The drop in Chinese demand last year “freed up barrels to go elsewhere. And the U.S. became somewhat the destination of last resort,” Smith said. “And so we saw more Russian crude coming into the U.S. West Coast … It was opportunistic purchases.”
Those imports were already dropping by the time President Biden announced a ban on Russian imports, Smith said.
The West Coast refineries can handle more ANS if Alaska produces it, he said, but it wouldn’t replace Russian crude “because there’s nothing really to replace.”
So this argument that we should produce more North Slope crude to offset the Russian barrels? Smith said he’s sorry to ruin a plot line, but it doesn’t ring true.
“I’ve just debunked it,” he said.
• The third factor is time.
It takes years to develop projects on the North Slope.
Sen. Dan Sullivan is among those saying this is a long game.
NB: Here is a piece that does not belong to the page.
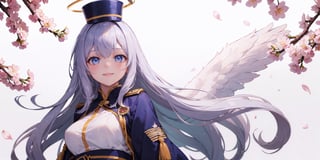  figure, (1girl), (solo), (angel_wings), ((white long curly hair)), blue eyes, two blue ribbons on her hair, (Double golden halo on her head), middle_breast, , cute smile, Japanese military uniform, Japanese military hat, fighting pose, background is cherry blossoms, masterpiece, masterpiece, best quality, better_hands, five fingers,masterpiece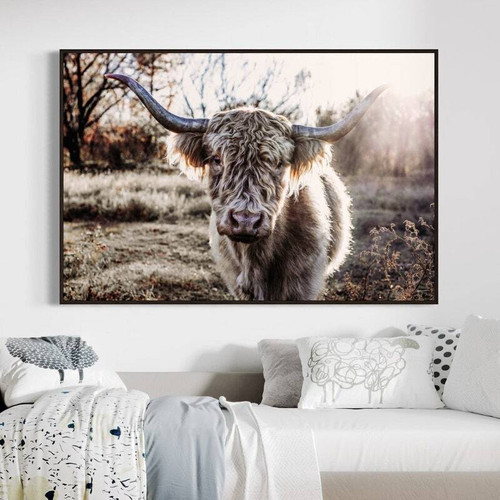 Rustic farmhouse Highland cow canvas wall art for dining room, sepia-toned close-up portrait with shaggy hair and long horns | Family Wall Decor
We’re in “a new era of authoritarian aggression,” he said.
We’ll still be trying to keep aggressive foreign dictators in check years from now and we shouldn’t empower them by buying their oil, the argument goes, so in the long run we’ll need more oil from Alaska.
But in the long run, the U.S. and the rest of the world are supposed to cut back on hydrocarbons, to keep climate change in check. The idea of producing more oil to make up for other oil will face strong political opposition from climate activists and environmentalist groups, and they are especially keen to prevent development in Alaska’s Arctic.